:: Exercise ::
Look below for the line that contains "Kenapa Toilet Bus Tidak Boleh BAB?", and write out exactly that line and all remaining lines of the listing, omitting pictures.
== Segment start ==
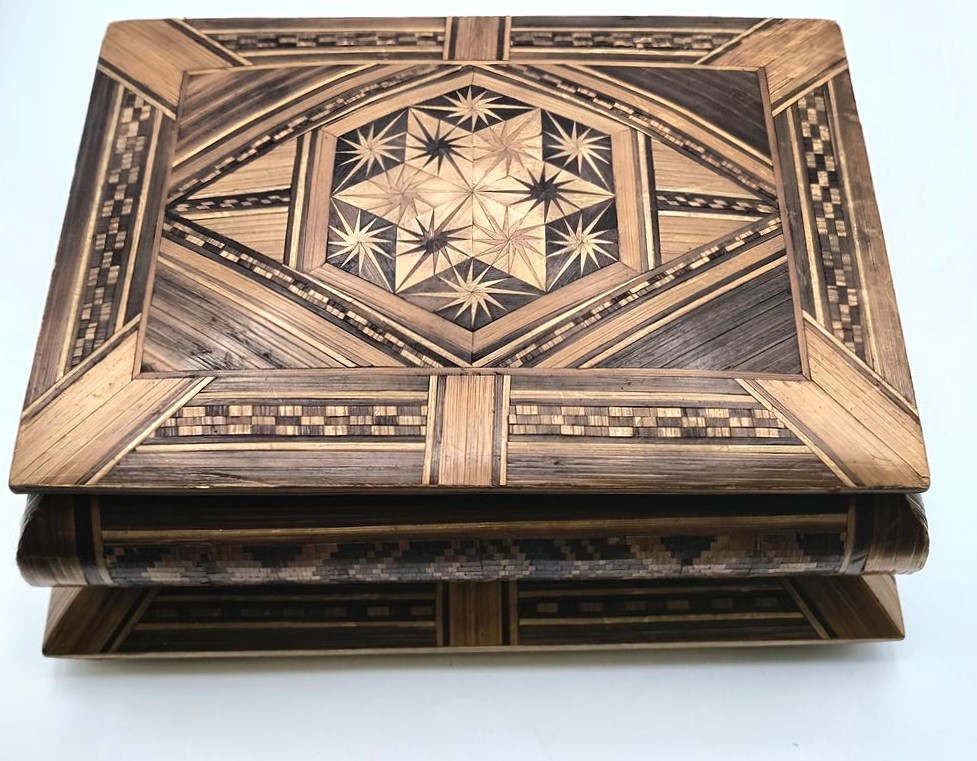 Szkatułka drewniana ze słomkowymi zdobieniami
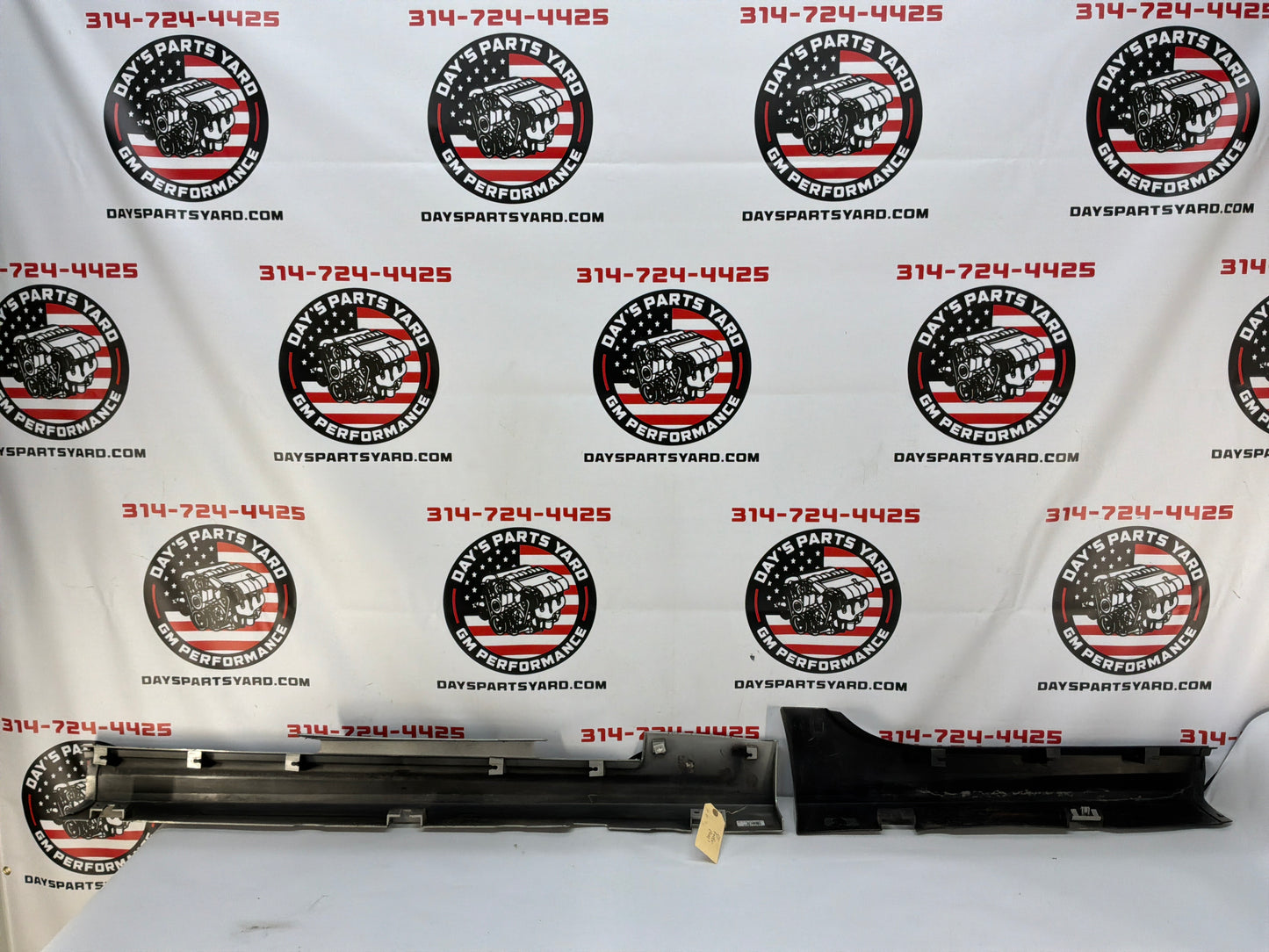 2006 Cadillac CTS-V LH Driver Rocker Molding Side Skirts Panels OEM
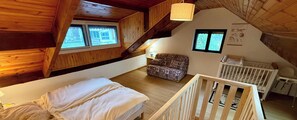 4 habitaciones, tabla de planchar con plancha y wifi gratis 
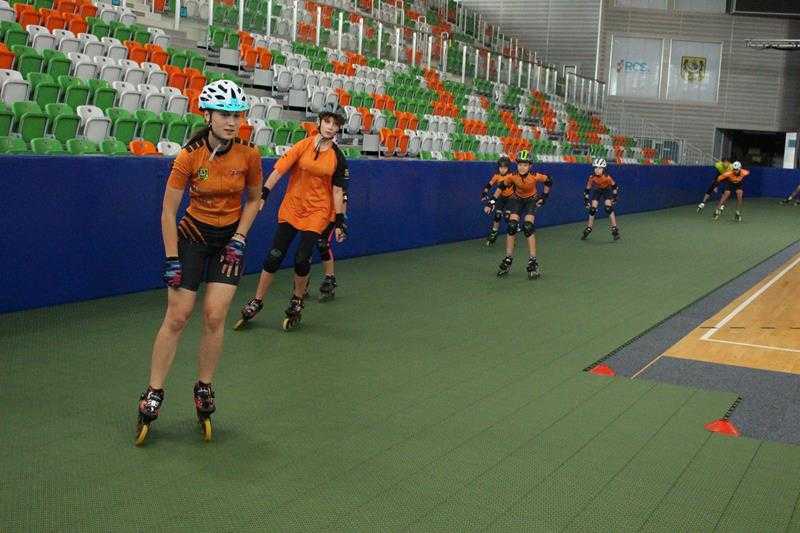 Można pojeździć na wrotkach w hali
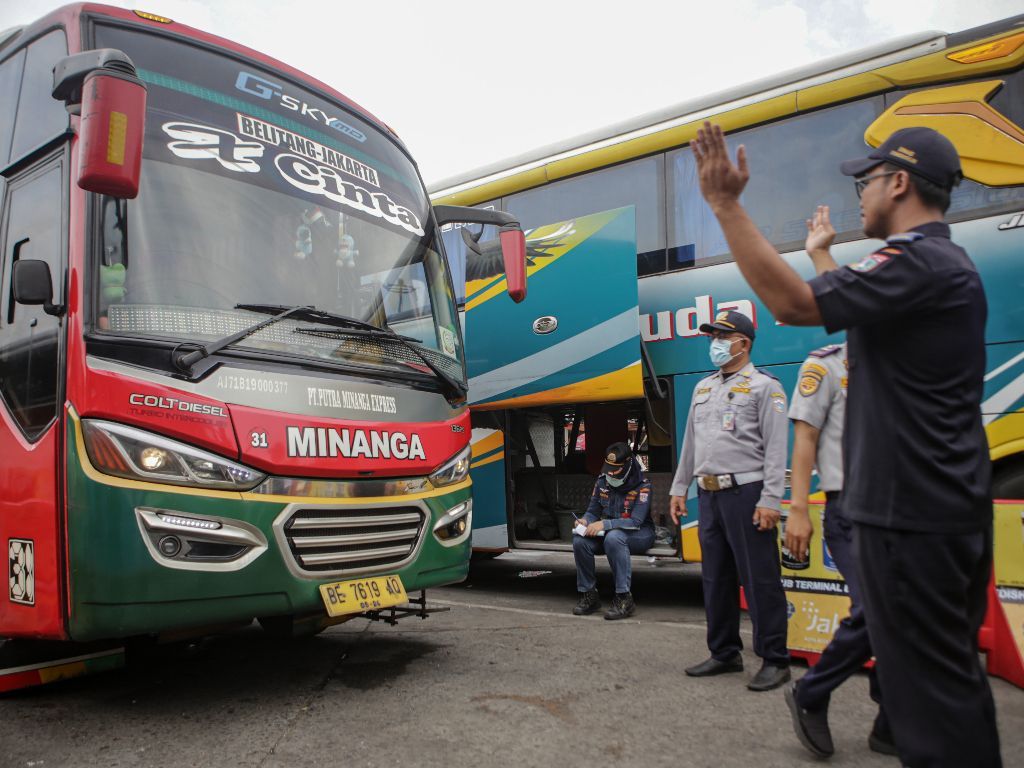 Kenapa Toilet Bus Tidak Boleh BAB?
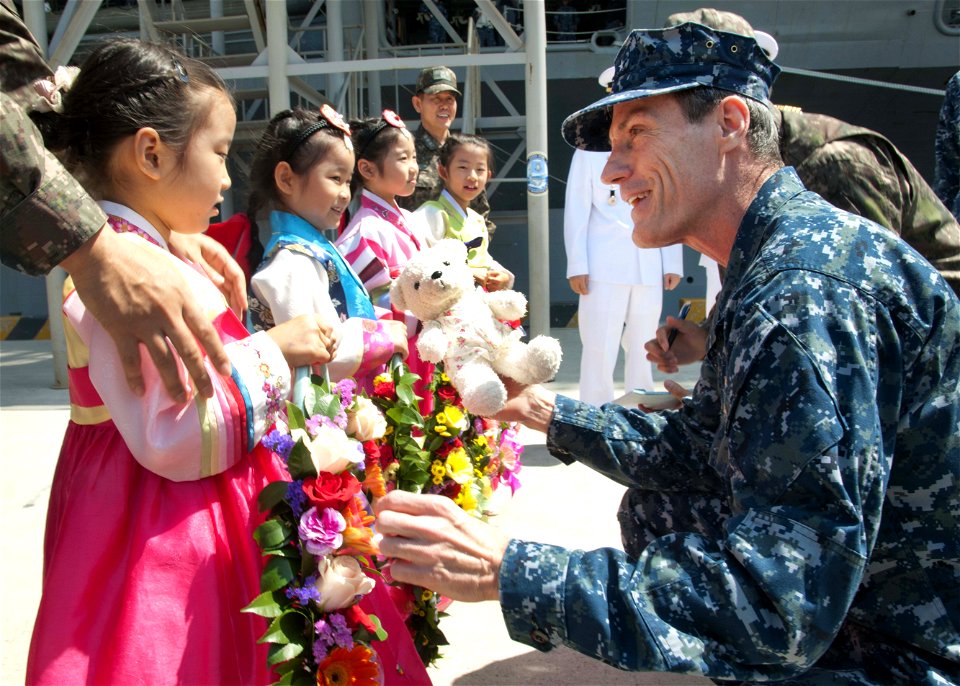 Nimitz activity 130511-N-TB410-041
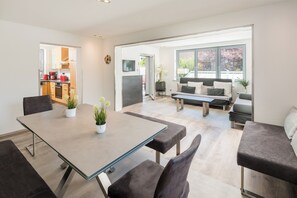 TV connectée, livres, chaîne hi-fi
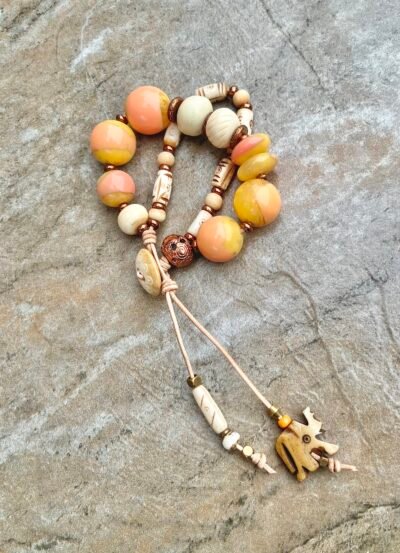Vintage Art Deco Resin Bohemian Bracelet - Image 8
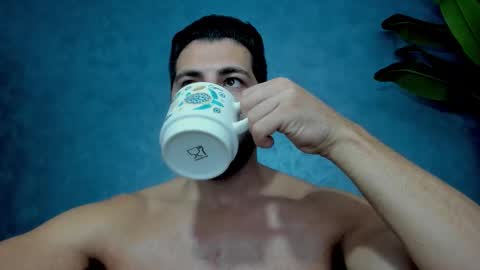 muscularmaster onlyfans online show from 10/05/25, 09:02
== Segment end ==
:: Answer for this exercise ::
 Kenapa Toilet Bus Tidak Boleh BAB?
 Nimitz activity 130511-N-TB410-041
 TV connectée, livres, chaîne hi-fi
Vintage Art Deco Resin Bohemian Bracelet - Image 8
 muscularmaster onlyfans online show from 10/05/25, 09:02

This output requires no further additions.